On 2011-04-13 18:16:36 -0700, Ian Bicking said:
While initially reluctant to use zip files, after further discussion
and thought they seem fine to me, so long as any tool that takes a zip
file can also take a directory. The reverse might not be true -- for
instance, I'd like a way to install or update a library for (and
inside) an application, but I doubt I would make pip rewrite zip files
to do this ;) But it could certainly work on directories. Supporting
both isn't a big deal except that you can't do symlinks in a zip file.

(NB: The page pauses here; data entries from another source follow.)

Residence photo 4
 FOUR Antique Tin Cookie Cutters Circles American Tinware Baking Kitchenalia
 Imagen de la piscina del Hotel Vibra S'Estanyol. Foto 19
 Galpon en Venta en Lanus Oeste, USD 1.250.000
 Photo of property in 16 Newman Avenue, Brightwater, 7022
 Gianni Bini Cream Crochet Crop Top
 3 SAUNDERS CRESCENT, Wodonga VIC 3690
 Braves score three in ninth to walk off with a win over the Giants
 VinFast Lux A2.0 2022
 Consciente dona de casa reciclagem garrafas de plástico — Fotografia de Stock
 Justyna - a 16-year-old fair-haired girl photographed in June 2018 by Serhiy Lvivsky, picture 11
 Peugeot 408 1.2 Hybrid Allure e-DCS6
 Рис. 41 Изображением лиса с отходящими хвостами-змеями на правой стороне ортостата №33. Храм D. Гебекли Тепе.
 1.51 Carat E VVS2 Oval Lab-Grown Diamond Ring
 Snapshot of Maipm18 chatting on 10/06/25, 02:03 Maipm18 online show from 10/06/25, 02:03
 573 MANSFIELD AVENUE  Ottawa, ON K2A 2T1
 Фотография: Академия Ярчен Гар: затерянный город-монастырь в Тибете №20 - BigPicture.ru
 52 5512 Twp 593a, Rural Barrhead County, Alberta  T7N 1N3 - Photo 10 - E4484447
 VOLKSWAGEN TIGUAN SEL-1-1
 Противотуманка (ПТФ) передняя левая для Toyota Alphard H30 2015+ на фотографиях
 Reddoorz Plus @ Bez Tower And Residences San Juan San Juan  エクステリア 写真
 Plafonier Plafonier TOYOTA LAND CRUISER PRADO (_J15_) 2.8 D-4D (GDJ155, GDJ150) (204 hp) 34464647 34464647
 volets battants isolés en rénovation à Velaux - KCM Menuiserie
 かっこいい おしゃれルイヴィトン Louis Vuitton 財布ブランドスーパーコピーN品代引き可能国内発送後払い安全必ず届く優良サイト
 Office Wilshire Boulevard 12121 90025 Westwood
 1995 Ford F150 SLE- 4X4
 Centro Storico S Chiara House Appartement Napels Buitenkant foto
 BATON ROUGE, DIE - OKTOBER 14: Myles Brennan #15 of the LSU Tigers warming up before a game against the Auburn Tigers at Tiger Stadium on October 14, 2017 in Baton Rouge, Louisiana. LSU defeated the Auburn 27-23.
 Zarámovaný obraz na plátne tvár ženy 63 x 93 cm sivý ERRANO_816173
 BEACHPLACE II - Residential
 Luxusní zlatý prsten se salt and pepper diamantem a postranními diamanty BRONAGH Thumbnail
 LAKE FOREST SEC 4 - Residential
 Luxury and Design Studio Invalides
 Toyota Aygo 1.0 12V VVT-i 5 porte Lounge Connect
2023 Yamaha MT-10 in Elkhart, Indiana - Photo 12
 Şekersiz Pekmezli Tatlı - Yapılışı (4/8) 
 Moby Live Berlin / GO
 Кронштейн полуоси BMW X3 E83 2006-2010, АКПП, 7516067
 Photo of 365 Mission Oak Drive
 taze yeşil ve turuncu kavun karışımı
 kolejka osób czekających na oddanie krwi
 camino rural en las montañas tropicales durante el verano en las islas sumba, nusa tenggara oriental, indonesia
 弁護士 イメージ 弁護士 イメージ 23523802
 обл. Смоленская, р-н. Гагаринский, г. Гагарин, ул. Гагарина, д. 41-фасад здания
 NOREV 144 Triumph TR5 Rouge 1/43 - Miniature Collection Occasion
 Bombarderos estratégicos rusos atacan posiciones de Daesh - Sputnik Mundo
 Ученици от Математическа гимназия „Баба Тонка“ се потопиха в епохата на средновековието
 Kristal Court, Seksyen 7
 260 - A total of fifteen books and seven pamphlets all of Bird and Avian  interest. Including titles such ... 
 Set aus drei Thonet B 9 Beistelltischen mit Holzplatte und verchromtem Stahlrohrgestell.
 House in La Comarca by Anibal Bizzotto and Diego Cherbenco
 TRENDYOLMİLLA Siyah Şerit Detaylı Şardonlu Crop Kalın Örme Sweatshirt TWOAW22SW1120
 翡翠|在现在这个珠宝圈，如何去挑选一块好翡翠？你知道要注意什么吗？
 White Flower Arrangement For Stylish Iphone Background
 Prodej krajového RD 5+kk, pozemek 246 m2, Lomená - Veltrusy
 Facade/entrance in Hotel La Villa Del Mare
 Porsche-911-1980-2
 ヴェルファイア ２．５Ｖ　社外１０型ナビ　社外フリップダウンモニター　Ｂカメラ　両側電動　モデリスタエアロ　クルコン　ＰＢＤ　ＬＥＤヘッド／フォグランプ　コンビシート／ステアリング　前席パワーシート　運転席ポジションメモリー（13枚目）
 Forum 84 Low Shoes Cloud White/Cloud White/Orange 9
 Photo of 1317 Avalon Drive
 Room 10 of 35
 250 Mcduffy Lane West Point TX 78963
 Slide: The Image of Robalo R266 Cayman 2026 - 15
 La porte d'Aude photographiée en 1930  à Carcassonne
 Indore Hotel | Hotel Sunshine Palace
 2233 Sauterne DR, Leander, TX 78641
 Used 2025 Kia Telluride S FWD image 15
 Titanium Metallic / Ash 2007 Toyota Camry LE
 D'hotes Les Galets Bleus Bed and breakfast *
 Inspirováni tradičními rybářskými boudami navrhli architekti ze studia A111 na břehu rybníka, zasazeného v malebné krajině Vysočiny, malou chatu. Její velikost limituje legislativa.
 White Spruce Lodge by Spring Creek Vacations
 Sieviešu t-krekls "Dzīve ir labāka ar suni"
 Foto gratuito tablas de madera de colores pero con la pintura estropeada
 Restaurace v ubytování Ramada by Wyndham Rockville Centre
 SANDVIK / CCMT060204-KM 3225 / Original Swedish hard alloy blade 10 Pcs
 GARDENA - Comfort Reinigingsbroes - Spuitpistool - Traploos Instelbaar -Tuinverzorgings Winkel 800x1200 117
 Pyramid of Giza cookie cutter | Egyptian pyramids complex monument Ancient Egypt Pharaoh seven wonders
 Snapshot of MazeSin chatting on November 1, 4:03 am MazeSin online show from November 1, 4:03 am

I'm not talking about using zip files as per eggs, where the code is
maintained within the zip file during execution. It is merely a
packaging format with the software itself extracted from the zip during
installation / upgrade. A transitory container format. (Folders in
the end.)
Symlinks are an OS-specific feature, so those are out as a core
requirement. ;)
I don't think we're talking about something like a buildout recipe.
Well, Eric kind of brought something like that up... but otherwise I
think the consensus is in that direction.
Ambiguous statements FTW, but I think I know what you meant. ;)
So specifically if you need something like lxml the application
specifies that somehow, but doesn't specify *how* that library is
acquired. There is some disagreement on whether this is generally
true, or only true for libraries that are not portable.
+1
I think something along the lines of autoconf (those lovely ./configure
scripts you run when building GNU-style software from source) with
published base 'checkers' (predicates as I referred to them previously)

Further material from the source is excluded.